The fall is expected to be socially gray for the executive. Several large-scale social plans announced at Michelin and Auchan and calls for strikes and mobilization are increasing in several sectors. What options are available to the government to manage these crises?
The executive is entering a very complicated period on a social level. We can expect thousands of job cuts in the industry, according to the minister in charge Marc Ferracci. Once is not customary: he is on the same line as Sophie Binet, general secretary of the CGT, according to whom “we are at the beginning of a violent bleeding” with “more than 150,000 jobs that will disappear, maybe even more.”
For the government, the framework is clear: keep a cool head. A government advisor recognizes this: until now, there have been more jobs created than jobs destroyed, but he fears that, from the start of next year, the balance will fall into the negative. Matignon assures that Michel Barnier is “very attentive“, that it coordinates the government's action, project by project, in connection with the territories.
Elements of language while the Prime Minister has, until now, insisted on saying before the Assembly that he wanted to know what groups like Michelin or Auchan did with the public money that was given to them .
For the moment, he therefore leaves his Minister of Industry, Marc Ferraci, on the front line, as during this very tense trip to the Michelin site in Cholet, where he was exposed to the anger of employees soon to be dismissed. Behind the scenes, we say: yes, there will be dozens of factories that are going to close, several government communicators justify. But, in their eyes, it would be counterproductive for the Prime Minister not to let himself be locked into the register of emotion.
The key question remains what the government can do. “If we had a magic wand, we would use it” slips a ministerial source, at the risk of reinforcing the feeling of powerlessness. And then, there is also, and first of all, the question of what the executive wants.

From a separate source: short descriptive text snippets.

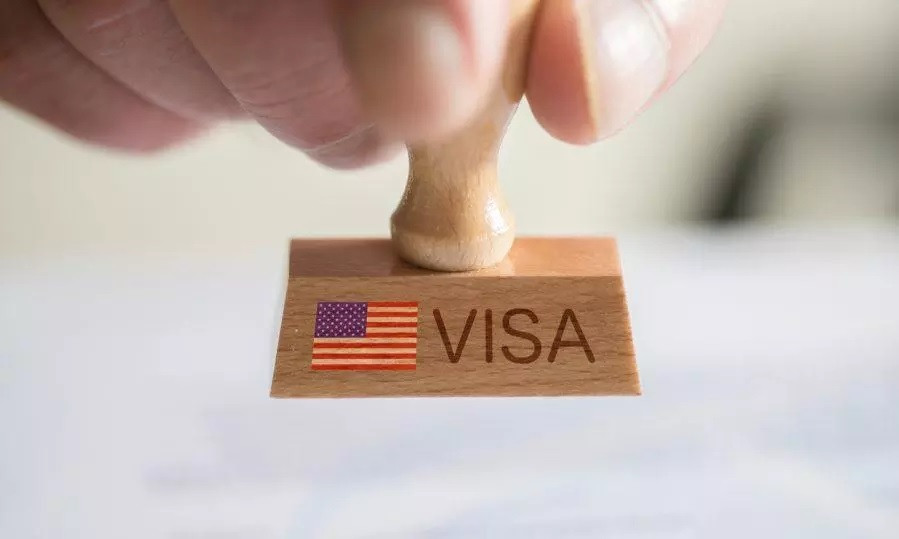 Mỹ thí điểm thu tiền đặt cọc từ 5.000-15.000 USD với người xin visa du lịch và công tác ngắn hạn- Ảnh 1. Mỹ thí điểm thu tiền đặt cọc từ 5.000-15.000 USD với người xin visa du lịch và công tác ngắn hạn- Ảnh 1.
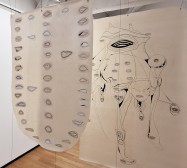 Mehrkörpersysteme | Prozession | Zeichnung auf Leinwand, Stanzösen, Schnur, Bleigewichte | 2025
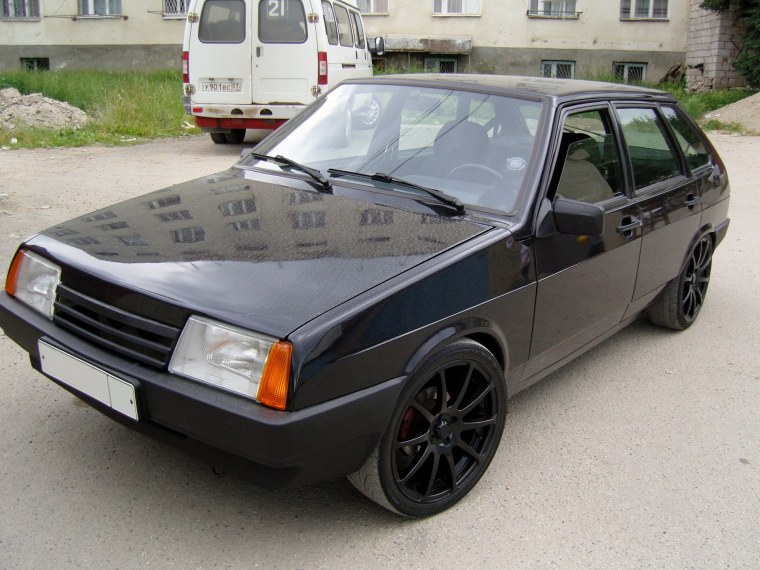 ВАЗ 2109 спорт красная
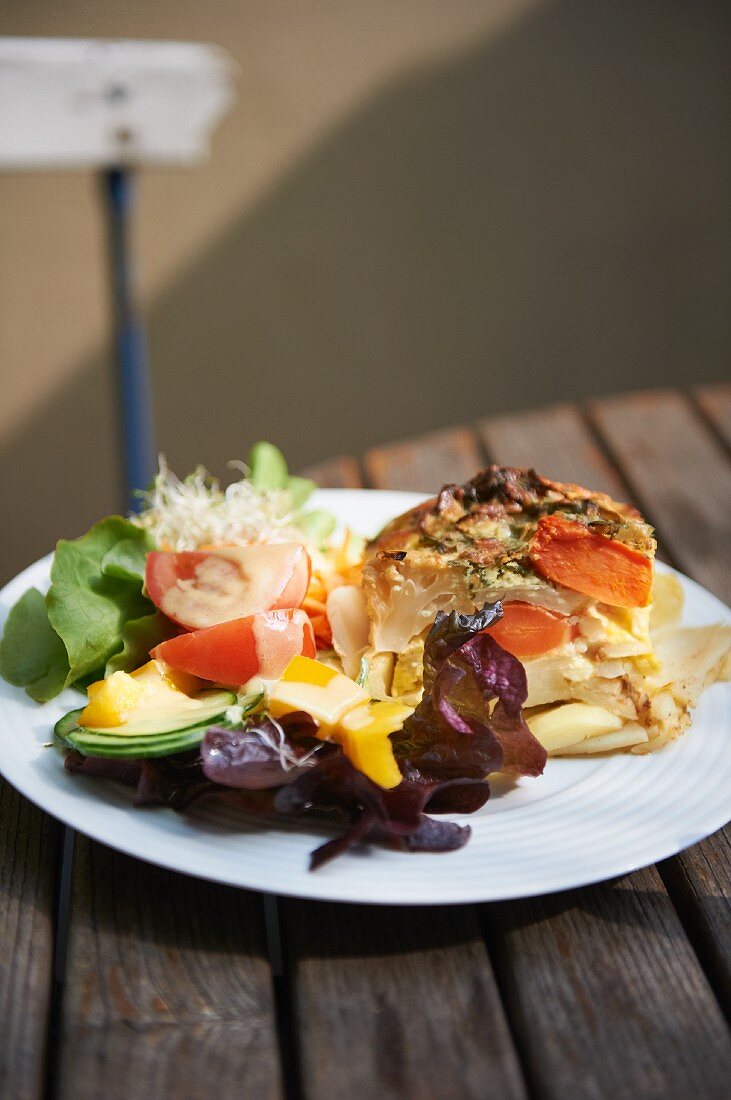 Kartoffelgratin mit Salat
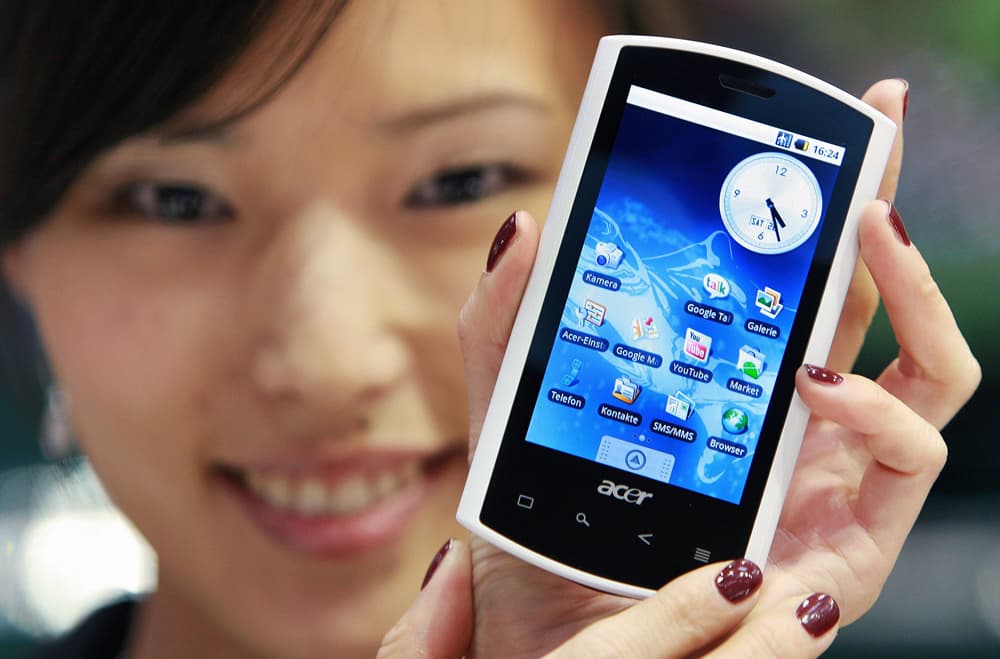 الهاتف النقال الجديد آيسر Acer Liquid A1 يظهر في معرض سيبيت Cebit للحاسوب وتكنولوجيا المعلومات في هانوفر.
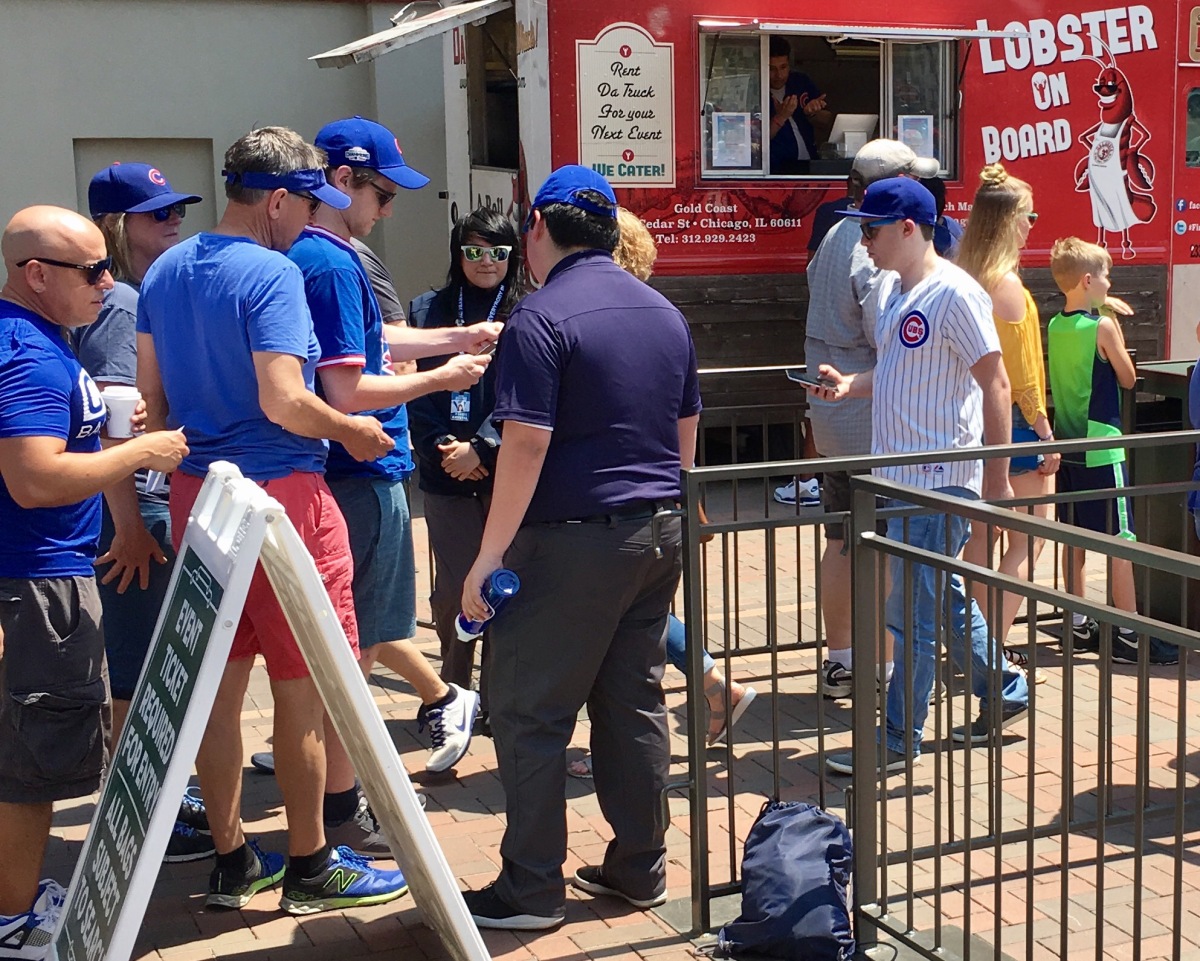 Style Watch-Chicago Cubs Game Gear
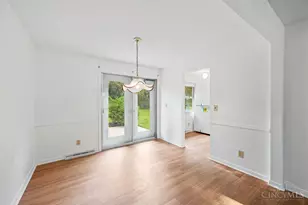 3670 Gailynn Dr, Green Township, OH 45211 - Photo 19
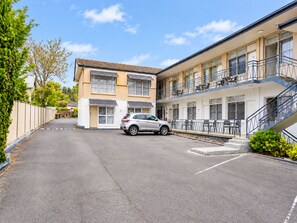 A two-story building with a car parked in front. - Abbotsleigh Motor Inn (Armidale)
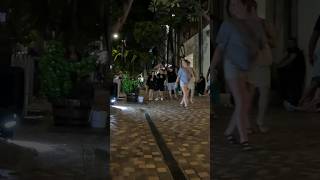 Waikikis FUNNIEST Street Performers [upl. by Eylhsa]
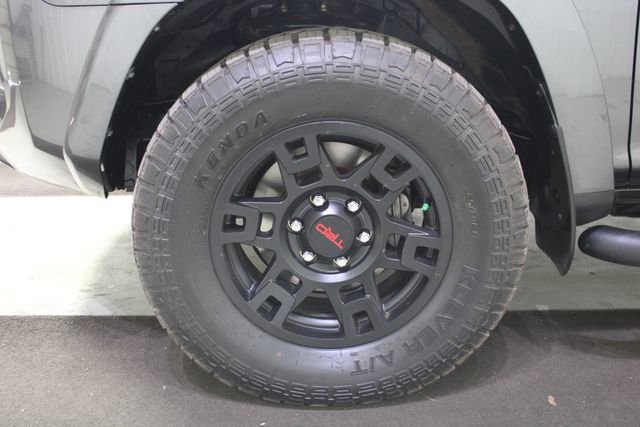 Used 2022 Toyota 4Runner SR5 Premium w/ Moonroof Package image 25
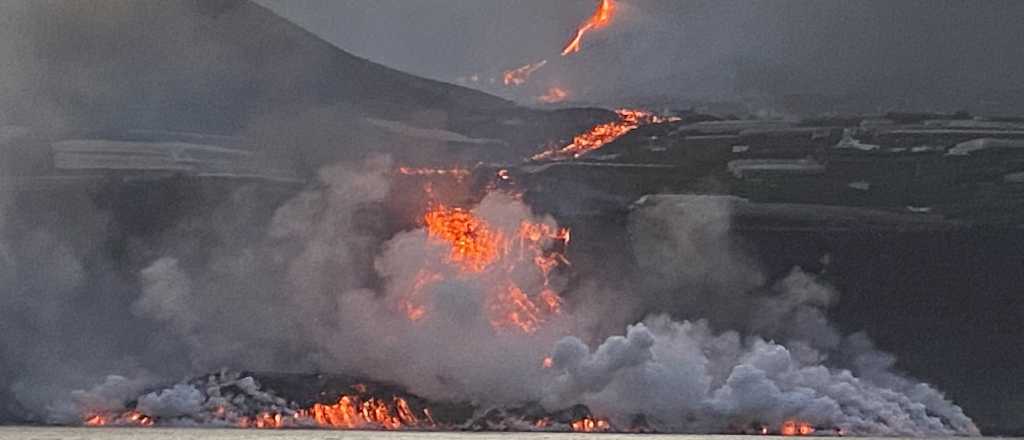 La lava del volcán Cumbre Vieja abarca 10 hectáreas en el mar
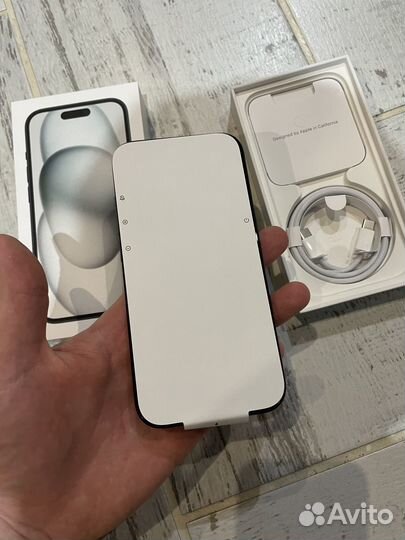 iPhone 15, 256 ГБ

Nationalize? Certainly not. Switching to an administered economy model, neither. Ban social plans, even less. “We must be wary of ready-made solutions“, retorts a government advisor. However, “Tell the truth to the French“: this is what Michel Barnier promised when he arrived at rue de Varenne. If, for the moment, the Prime Minister remains discreet on the subject, there is still some”very attentive“, assure son cabinet.
However, according to his government, the truth is that keeping companies, whose economic model is at the end of its life, on life support would be harmful. Typical example: the automotive sector, which must move away from the thermal engine.
“We must be wary of ready-made solutions”
a power advisorat franceinfo
The challenge, according to Bercy, is to support transitions and investment in the sectors of the future, but not to save jobs, just to save them.
Concerning the fundamentals in force since Emmanuel Macron came to power, no change: what the State can do is help employees to train, to retrain, to find work… For However, those around the Minister of the Economy refute the thesis of a turnaround in the economic situation, and refuse to speak of a crisis, with a capital “C” and in the singular. There is “crises“and they will add up, that’s all,” we slip.
As for the scope that remains for him, Emmanuel Macron, too, is getting involved as best he can, let his entourage know, who relies on his agency: Wednesday, November 13, the Head of State is expected in front of the Collège de France during a conference to defend the urgency of massive investments at European level, the only way to resist competition from China and the United States.